Il diesel verde, in sostanza, sarebbe superato, anzi, obsoleto, e il gettito agricolo che avrebbe potuto generare la coltivazione della paglia per il bioetanolo, in terra di Gela, andrebbe a farsi friggere poiché la materia prima arriverebbe direttamente dai mercati dell’ex Unione delle Repubbliche Socialistiche Sovietiche. Niente contributi per le bio coltivazioni da raffineria per i contadini gelesi, dunque, nessun rilancio occupazionale.
Questo, in sintesi, il resoconto del dossier presentato a Renzi e al Ministro Guidi.
Eppure il paladino della svolta green di Gela, Rosario Crocetta, che ha messo sul piatto 450 milioni di euro della Regione Sicilia per favorire la riconversione della sua raffineria, continua a sostenere che il “verde” è l’unico futuro possibile per il petrolchimico voluto da Enrico Mattei. Perché, come dice il Governatore, “il petrolio non regge” per la crisi mondiale, per gli impianti vecchi e per il pet coke, per le emissioni e per l’inquinamento. Il petrolio, dunque, in tempo di Quaresima prossimi alla celebrazioni della Santa Pasqua, non serve alla ex raffineria di Gela e non regge i mercati.
Proprio quel petrolio che doveva portare migliaia e migliaia e migliaia di euro in royalties e posti di lavoro in più per tutta l'Isola, sarebbe, oggi, inutile.

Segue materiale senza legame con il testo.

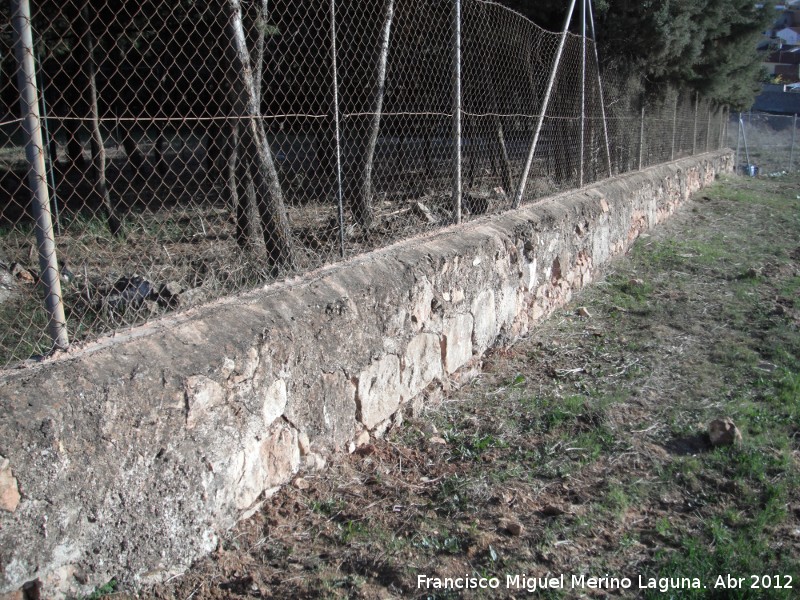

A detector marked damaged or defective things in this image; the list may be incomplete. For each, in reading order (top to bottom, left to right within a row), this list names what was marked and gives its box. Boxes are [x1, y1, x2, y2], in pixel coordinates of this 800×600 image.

rusted metal post [11, 0, 69, 352]
rusty chain link fence [0, 0, 728, 368] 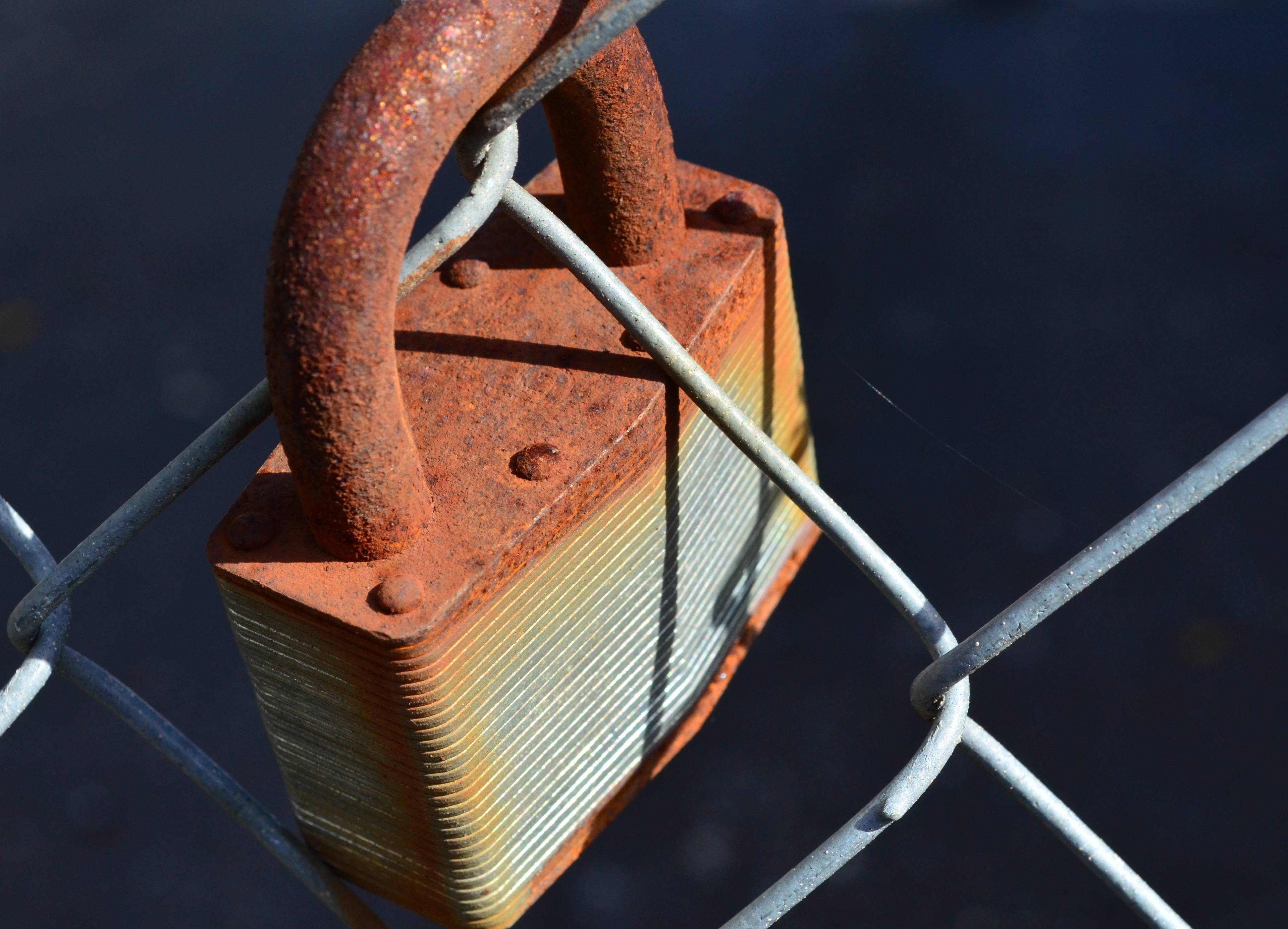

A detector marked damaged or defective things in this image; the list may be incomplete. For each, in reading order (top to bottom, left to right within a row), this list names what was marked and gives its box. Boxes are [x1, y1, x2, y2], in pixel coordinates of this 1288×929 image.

Fino a ieri, però, si celebrava il carnevale in tutto il mondo, d’oriente e pure d’occidente, e il petrolio serviva, reggeva. E fino a ieri, Crocetta, dava carta bianca ai petrolieri di Stato, ma anche no, di perforare in libertà le terre di Sicilia per estrarre gas e olio nero. Nero come l’inchiostro utilizzato per la sigla del famoso protocollo del petrolio siciliano; nero, anzi nerissimo, come le pieghe della veste da giullare che il nostro Presidente della Regione indossa per mascherare le tante verità non dette sulla chiusura della sua raffineria, e sul petrolio dei siciliani, ovviamente.